Wpis z mikrobloga

@First_Lucas: Le locle jest sporo droższy, a kolega miał badżet do 1000 zł.

@niech_ktos: Trochę szkoda tego tysiaka na kwarca, ale nie chcę pisać kolejnej odpowiedzi w stylu - dołóż drugie tyle i kup X.

W tej cenie zostają automaty Seiko i Orient, przy czym w zasadzie będzie ciężko o szafir - może prędzej w oriencie, ale i tak zamawiając za granica i modląc się do Matki Boskiej Bezvatowskiej.

Może
@lossuperktos: @Jarczur: @Jarczur:
Dzięki za opinie, Bambino niezły, ale ten Tissot mi się bardziej podoba. Znalazłem go za 935 CBLN. Jednak szafir jest dla mnie ważny. I nie do końca rozumiem czemu kwarc jest gorszy. Czytałem, że są bardziej odporne na wstrząsy, itp a niewykluczone, że będę z nim biegał (na autobus) i inne fikołajki robił ( ͡° ͜ʖ ͡°)
@niech_ktos: tobie ma się podobać nie innym więc bierz to co do ciebie gada. Do codziennego użytku kwarc jak najbardziej, zegarki mechaniczne raczej dla ludzi którzy potrzebują mieć tą świadomość, że mają jakąś fajną "maszynę" na łapie.
@niech_ktos automaty też są odporne. Różnica się pojawia przy używaniu młota pneumatycznego, wiertarki udarowej, piły łańcuchowej czy jeździe na mocno wibrującym motocyklu.

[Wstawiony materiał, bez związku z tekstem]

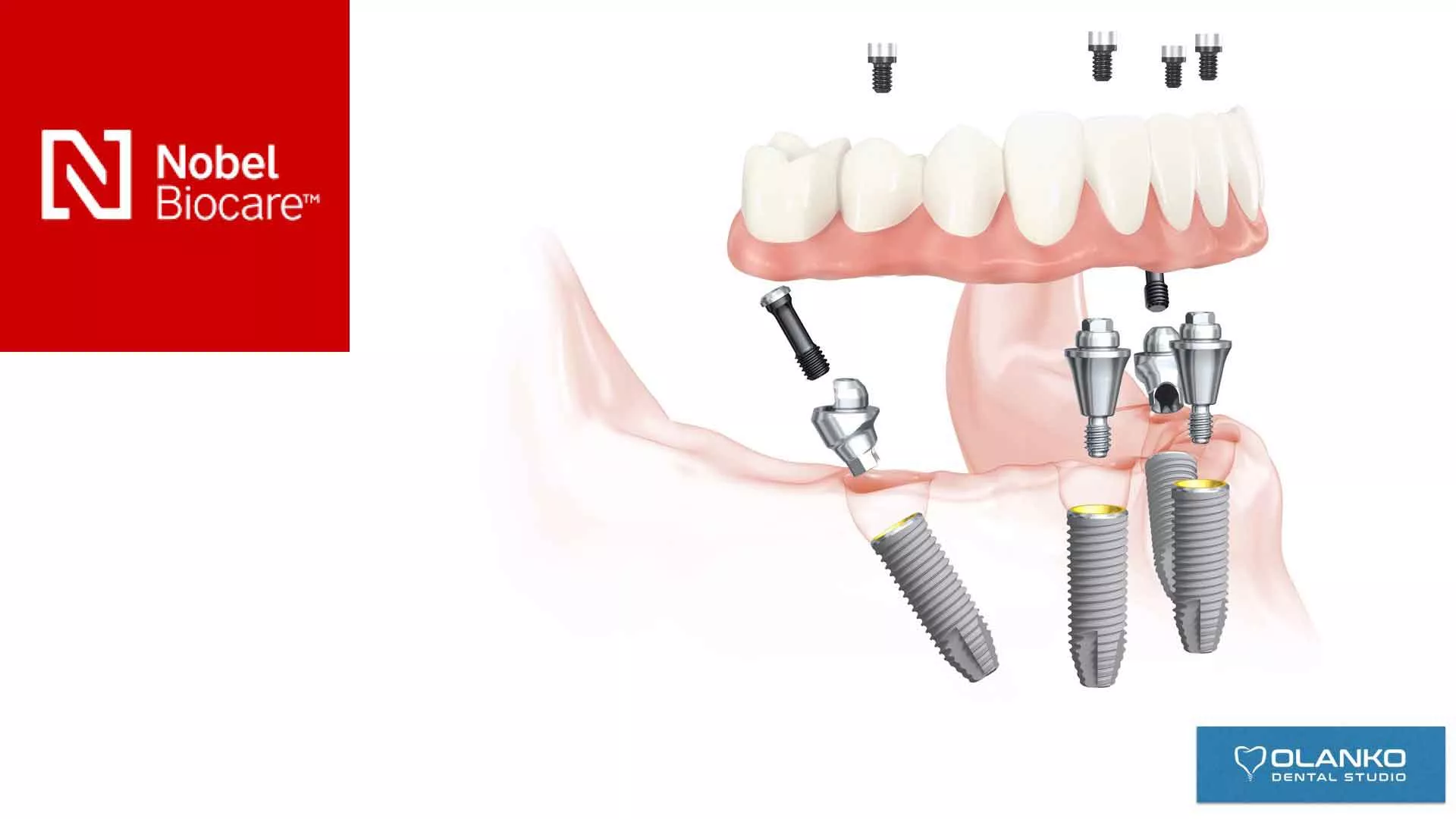 Импланты Nobel система номер 1 в мире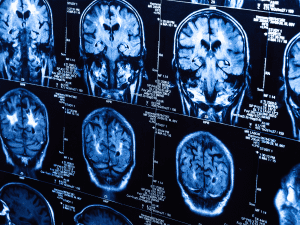 دراسة: علامات تقدم السن تظهر على أدمغة المراهقين بسبب الجائحة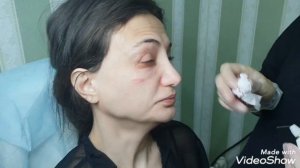 Блефаропластика PLEXR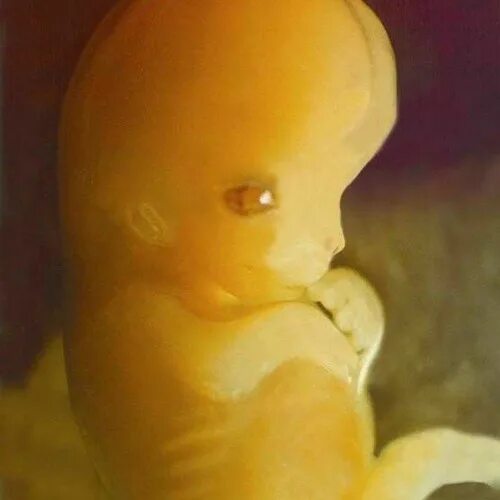 Плод 7 недель фото Stream 17.Anticonceptivos y aborto from ADORACION PROVIDA Listen online for free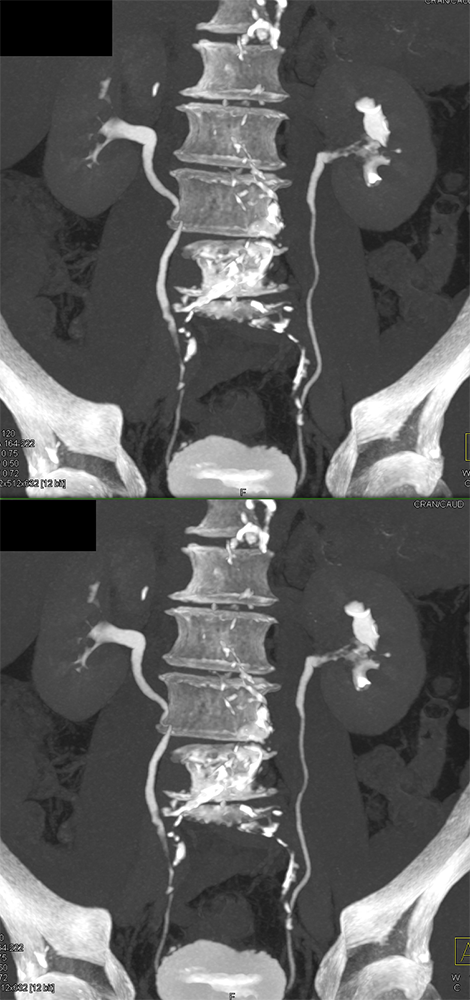 Transitional Cell Carcinoma of the Kidneys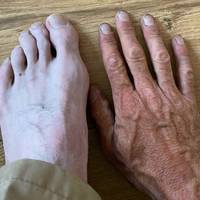 homemade wound makeup 8 pics.html - 8 HD Photos | Premium Gallery 2012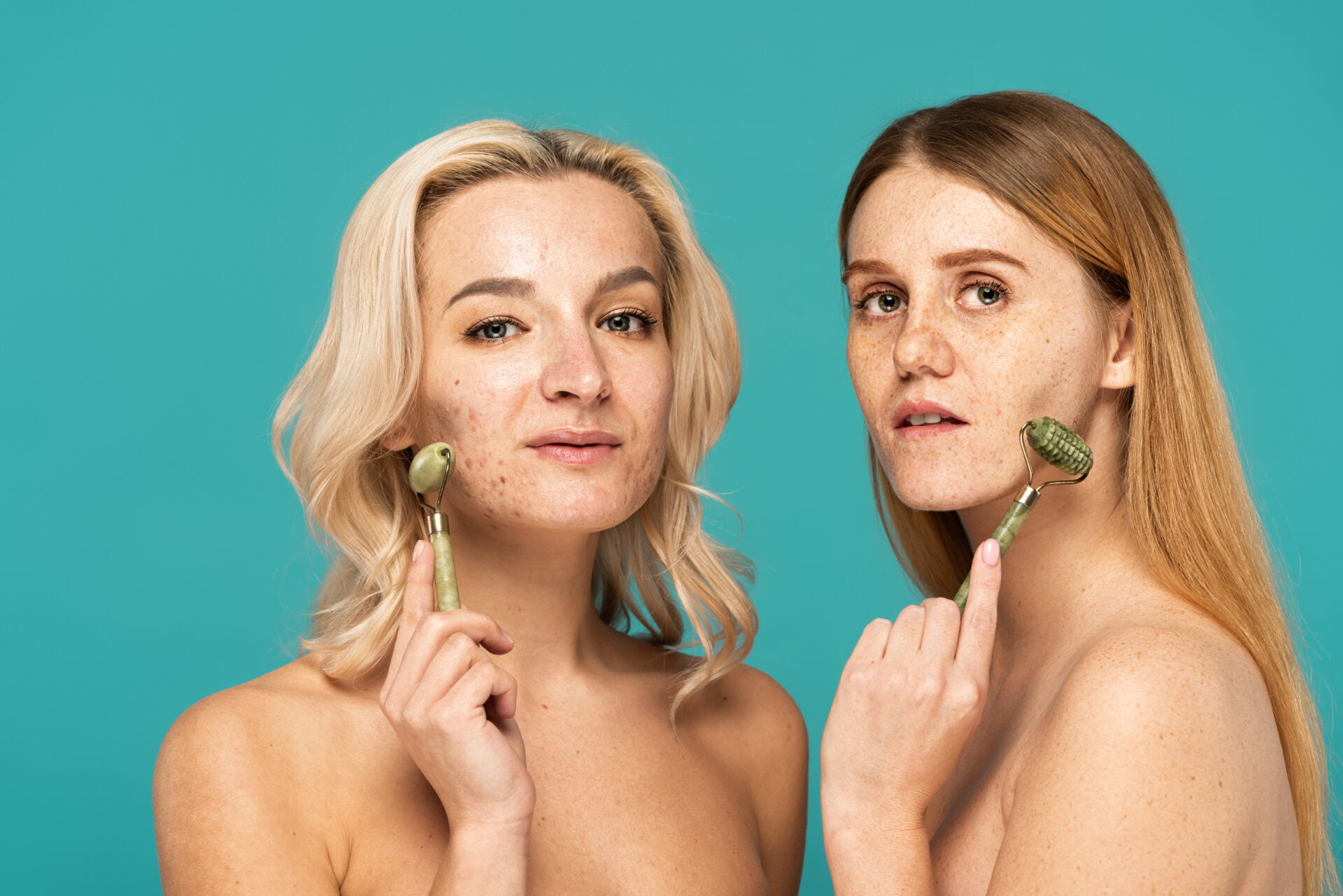 Two women using non-toxic anti-acne products 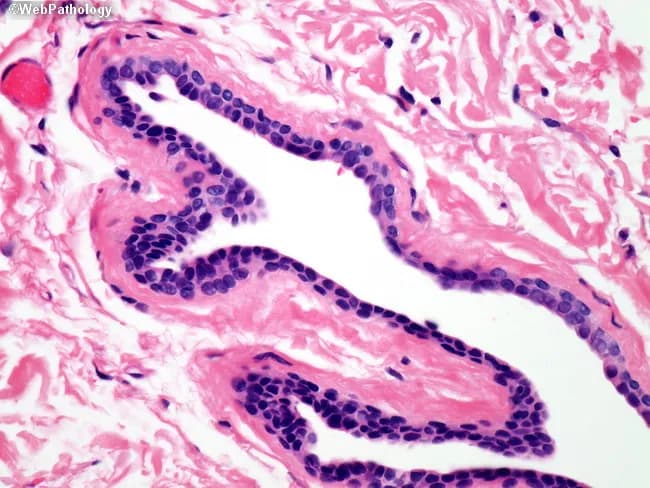 This histology slide is stained with Hematoxylin and Eosin and viewed under light microscopy. It shows branching tubular glands embedded in loose eosinophilic connective tissue stroma. The glands exhibit a well-organized epithelial lining consisting of tall columnar to cuboidal cells with basally oriented nuclei and scant cytoplasm. Lumina are variable in size and shape, ranging from rounded to elongated, with occasional pale secretory material within the lumen. The epithelial cells display minimal cytologic atypia, occasional small nuclear crowding, and no evident mitotic activity in this field. The surrounding stroma is pink and fibrous, with sparse inflammatory cells and few myofibroblasts. Overall architectural pattern is compatible with benign glandular epithelium or non-neoplastic glandular proliferation; differential considerations include normal mucosal glands, simple hyperplasia, or benign adenoma. There is no clear evidence of invasion into the adjacent stroma within the imaged section. This image is valuable for educational purposes in histology and diagnostic pathology, illustrating glandular morphology, lumen formation, epithelial-stromal relationships, and the spectrum between benign and neoplastic glandular processes. It supports teaching of ductal anatomy, tissue architecture, and histopathologic correlation with clinical scenarios. Clinically relevant context includes post-surgical specimens and mapping of glandular margins. This supports comparative pathology training and exam preparation.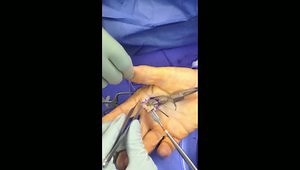 Dorsal Capsule Interposition Arthroplasty of the Metacarpophalangeal Joint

Ale kwarc jest jednak odporniejszy i dokładniejszy. Z tym, że ja wolę mieć w zegarku stalowy mechanizm, wykonany z precyzją i z wysokiej jakości materiałów niż kwarcowy plasticzany mechanizm i bateryjkę warte może dolca lub dwa w porywach jak Szwajcar składał. Ot, praktyczność kontra satysfakcja z posiadania.